[Short descriptive text snippets]
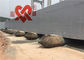 کیسه های شناور بالابر قایق کامل سیم پیچ CCS مواد لاستیکی برای فرود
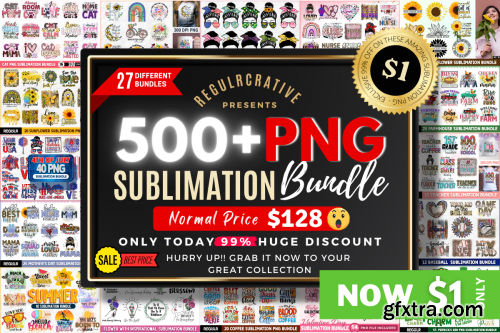 Big Sublimation Bundle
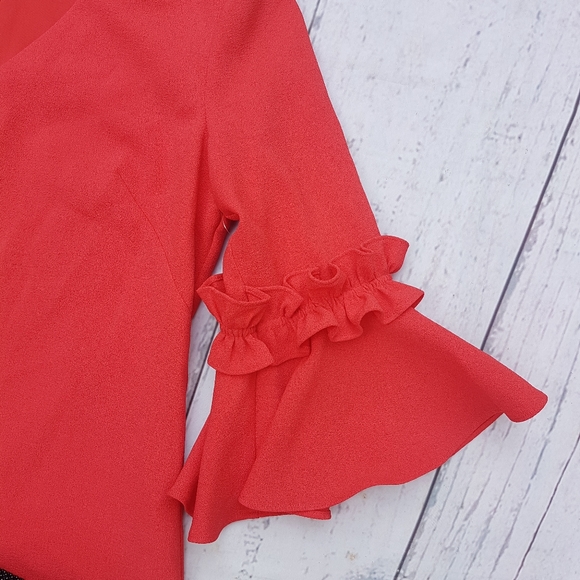 *💃HOST PICK💃 * red dress by Jessica Howard - Picture 5 of 9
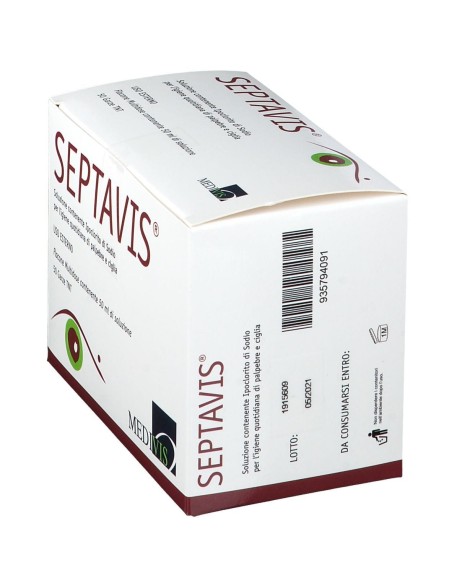 SEPTAVIS 50 ML + 50 GARZE IN TNT STERILI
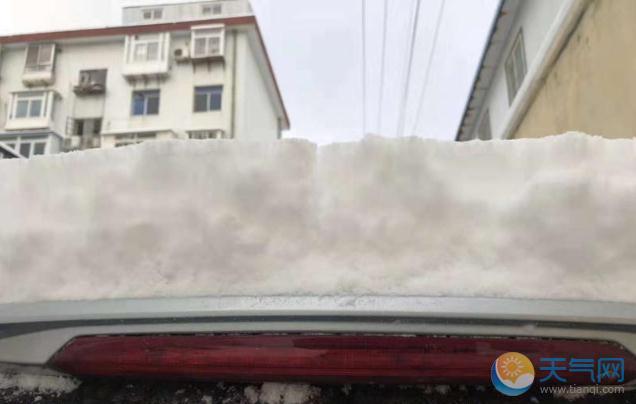 长江中下游迎强降雪 中东部持续降温发寒潮预警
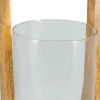 LYHTY 16X37CM MANGO PUUTA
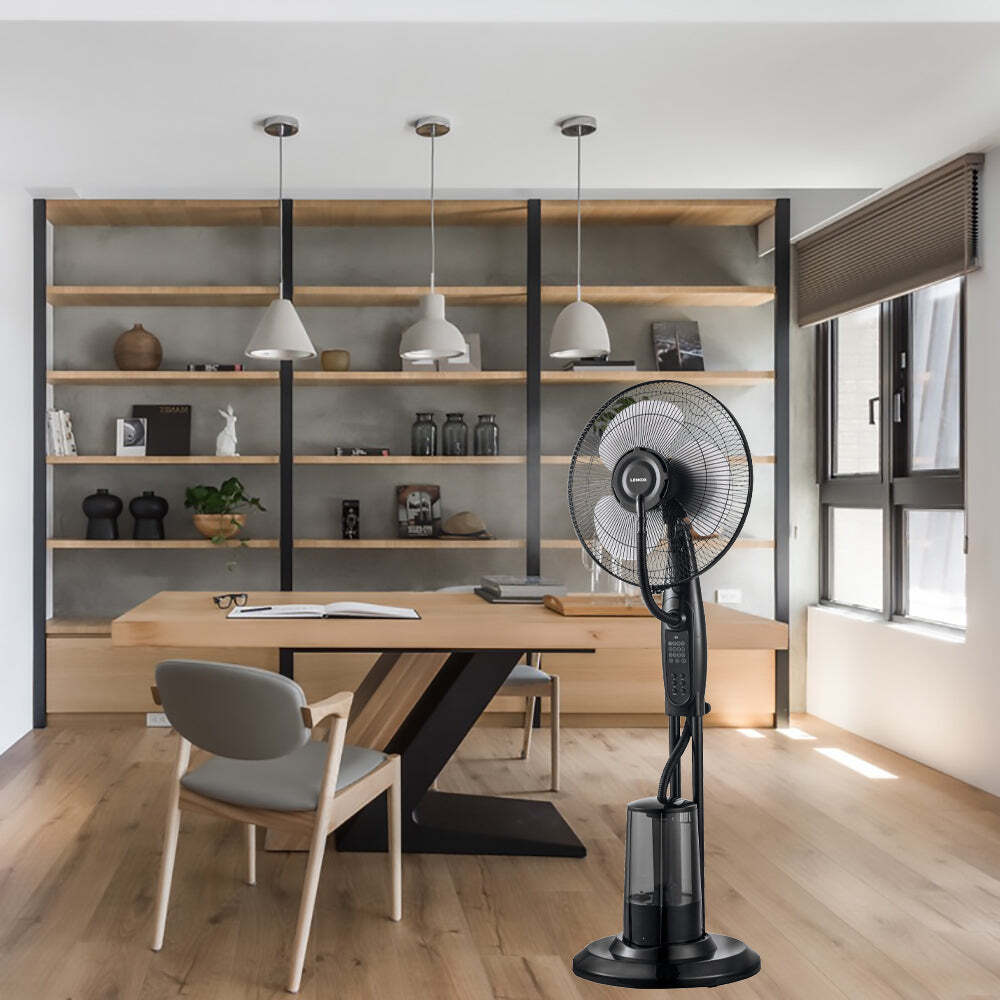 Freestanding Air Cooling Fan w/Misting Water Spray W40cm H1.2m + RC - Appliances > Air Conditioners > Evaporative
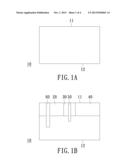 WAFER SAWING METHOD AND WAFER STRUCTURE BENEFICIAL FOR PERFORMING THE SAME diagram and image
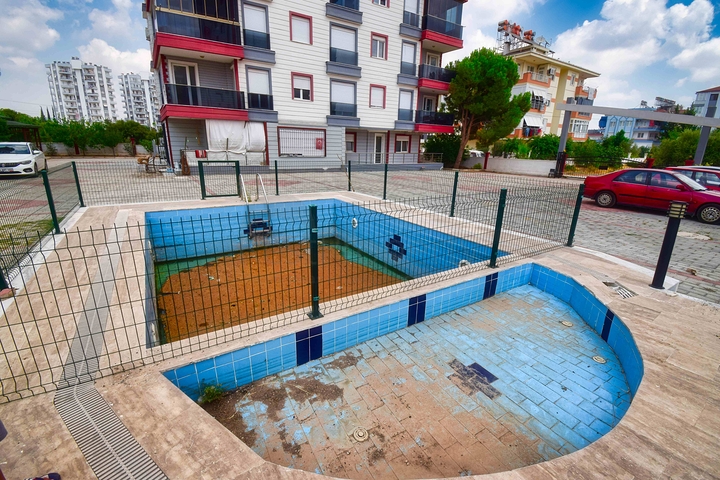 Квартира планировки 3+1 в районе Кепез - Анталия 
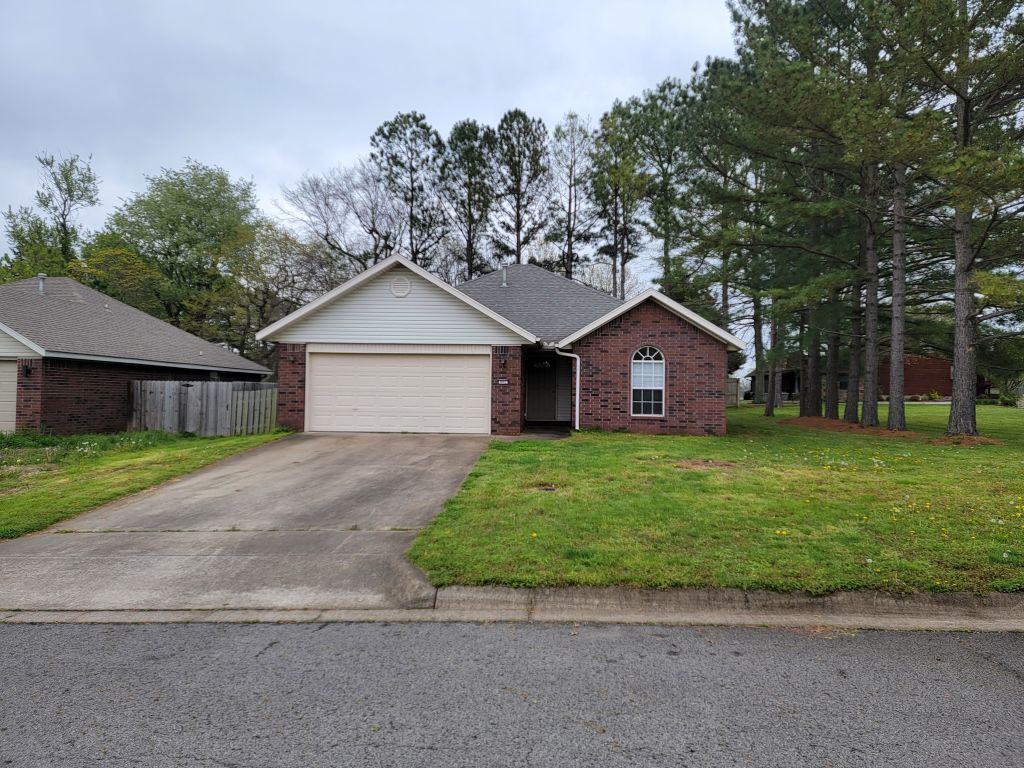 Fayetteville Arkansas rental house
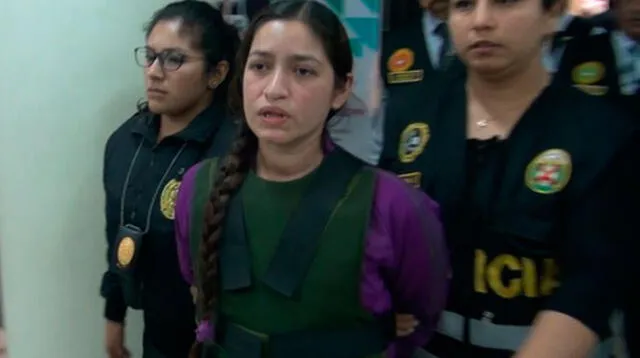 Poder Judicial dictó 9 meses de prisión contra cajera del BCP, Katherine Flor Morales La Cruz 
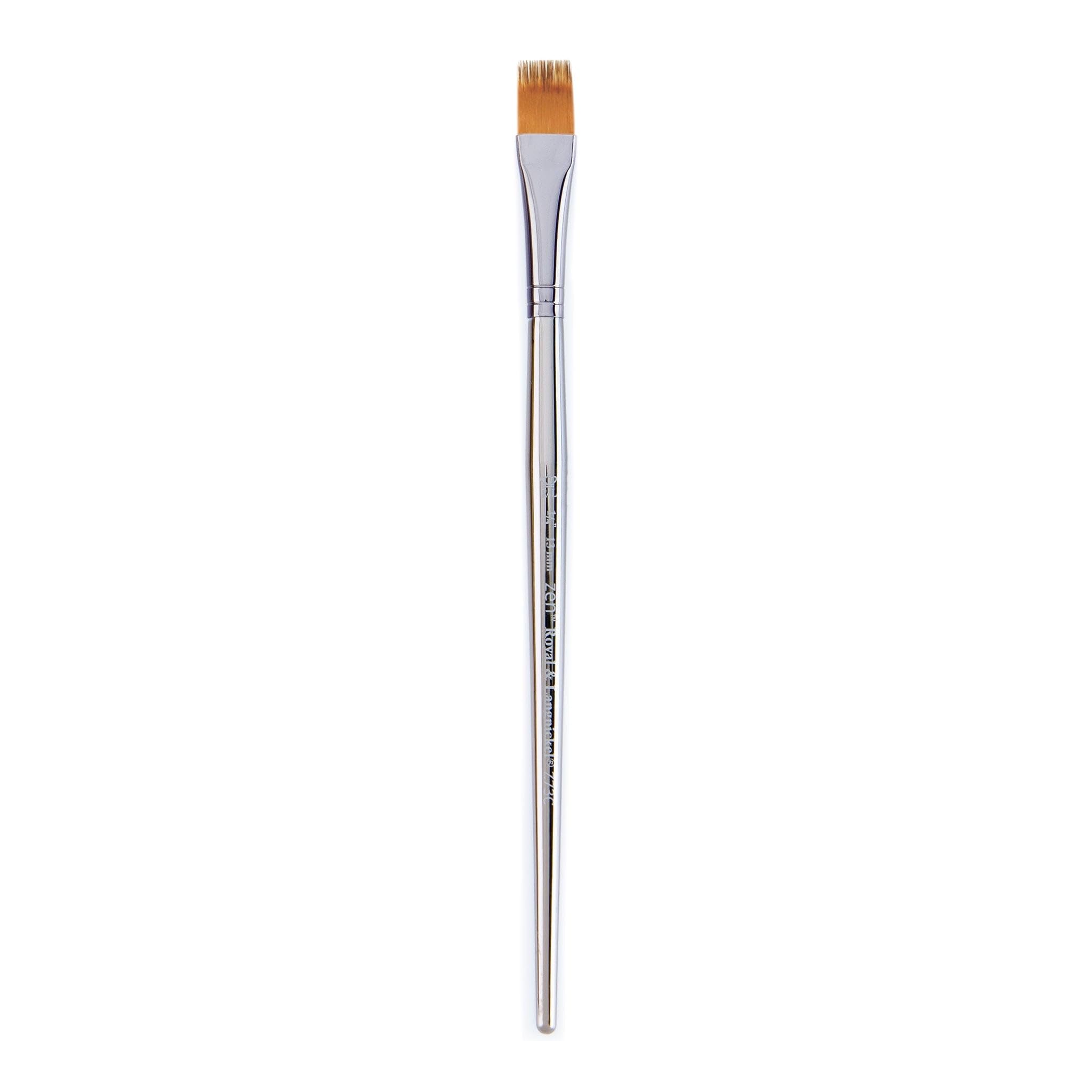 Royal & Langnickel Zen All Media Brush Series 73 - Flat Comb 1/4 (Z73C-1/4)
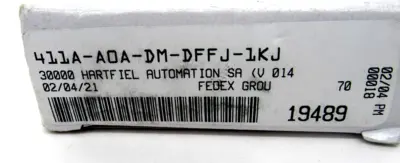NEW MAC VALVES 411A-A0A-DM-DFFJ-1KJ SOLENOID VALVE 24VDC 411AA0ADMDFFJ1KJ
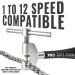 Chain Tool 1-12 Speed: Reliable Breaker for Chain Link Removal | Bike Repair for Road & Mountain Bikes - Easy Splitter - Buy Online on GoSupps.com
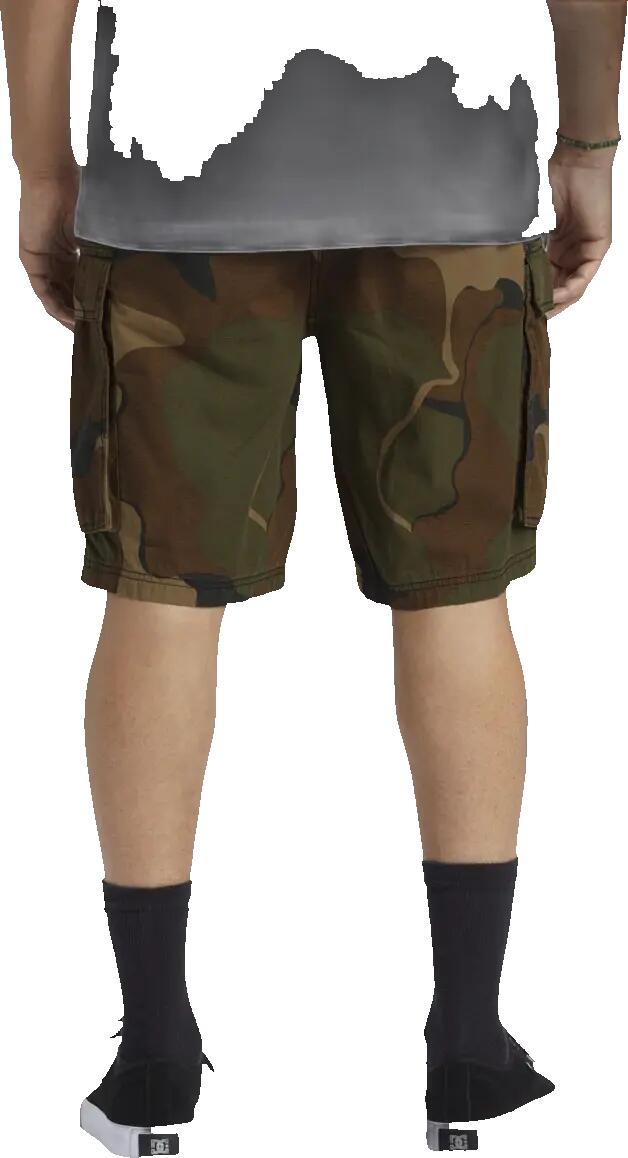 Pantalones cortos - Monopatín - Hombre - Cargo, Tundra 22" - Abstract Camo 2/4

What you are asked to do ▸ Print the records above verbatim, pictures excluded.

Response to the task ▸
 کیسه های شناور بالابر قایق کامل سیم پیچ CCS مواد لاستیکی برای فرود
 Big Sublimation Bundle
 *💃HOST PICK💃 * red dress by Jessica Howard - Picture 5 of 9
 SEPTAVIS 50 ML + 50 GARZE IN TNT STERILI
 长江中下游迎强降雪 中东部持续降温发寒潮预警
 LYHTY 16X37CM MANGO PUUTA
 Freestanding Air Cooling Fan w/Misting Water Spray W40cm H1.2m + RC - Appliances > Air Conditioners > Evaporative
 WAFER SAWING METHOD AND WAFER STRUCTURE BENEFICIAL FOR PERFORMING THE SAME diagram and image
 Квартира планировки 3+1 в районе Кепез - Анталия 
 Fayetteville Arkansas rental house
 Poder Judicial dictó 9 meses de prisión contra cajera del BCP, Katherine Flor Morales La Cruz 
 Royal & Langnickel Zen All Media Brush Series 73 - Flat Comb 1/4 (Z73C-1/4)
NEW MAC VALVES 411A-A0A-DM-DFFJ-1KJ SOLENOID VALVE 24VDC 411AA0ADMDFFJ1KJ
 Chain Tool 1-12 Speed: Reliable Breaker for Chain Link Removal | Bike Repair for Road & Mountain Bikes - Easy Splitter - Buy Online on GoSupps.com
 Pantalones cortos - Monopatín - Hombre - Cargo, Tundra 22" - Abstract Camo 2/4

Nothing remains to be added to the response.